Do short stories sell, and can make you some quick cash on places like Amazon, Barnes & Noble and iBooks (among others)?
Let’s get right to my answer. Since we are friends here, I’m going to tell you the truth. They do, but certainly not to the extent that novels and longer works do.
Recently well-known author Dean Wesley Smith wrote about a plan about making a living writing short fiction. According to his plan, if an author was to write 50 short stories per year (averaging one short story per week), bundle them into 5 & 10 story collections, and continue doing that for five years – by the end of the five-year period, you’d have a nice passive income of approx $40,000 a year from then on.
His theory is an interesting one, and has been debated heavily on places, like the Writers Cafe at Kindleboards, whether it’s realistic for a new writer to achieve such figures.
The reason it is being debated is because many author’s believe that it relies too much on assumptions:
- It is possible to sell five copies of your books across all platforms (average)?
- Is it likely that what customers will pay for a short story collection, will be the same now as it will in five or ten years?
- Will customers even pay $3.99 and up for those collections now?
- Will author royalties remain the same over the long-term?
While I like Dean’s theory (and respect him greatly for his expertise), I feel it has too many unknown factors.

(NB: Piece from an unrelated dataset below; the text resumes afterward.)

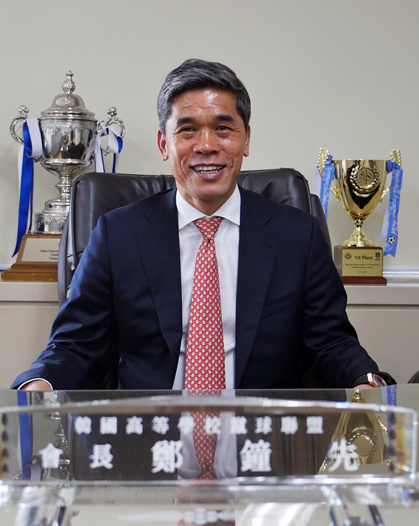고교축구 연맹 전 회장 정종선, 상습 성폭행 구속! 관련 이미지 1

I’d rather see figures about what short story writers are making NOW based on REAL FIGURES.
So let’s look at some.
Right now in the Amazon store, the No. 1 short story on Amazon under the short story category is a book called Throttle by Joe Hill & Stephen King (perhaps you’ve heard of him?) This book is 47 pages long (approx 16,000 words) and selling for 0.99 cents (to limited locations mind you). It’s got a sales rank of #274 which probably means it’s selling around 50 copies per day (rough estimate). Because it’s a Kindle single it’s eligible for the 70% royalty so it’s currently making Harper Collins approximately $1,000 a month (and the author’s probably $50 a month each). Not bad for Harper Collins. But not all of us can be Stephen King.
The highest independent author in the Amazon short story category is Primal Origin by Jack Silkstone. It’s ranked #2053, so is probably selling 20 per day. At 35% royalty, Silkstone would be making around $200 a month. Again, fairly decent for an (approx) 12,000 word story.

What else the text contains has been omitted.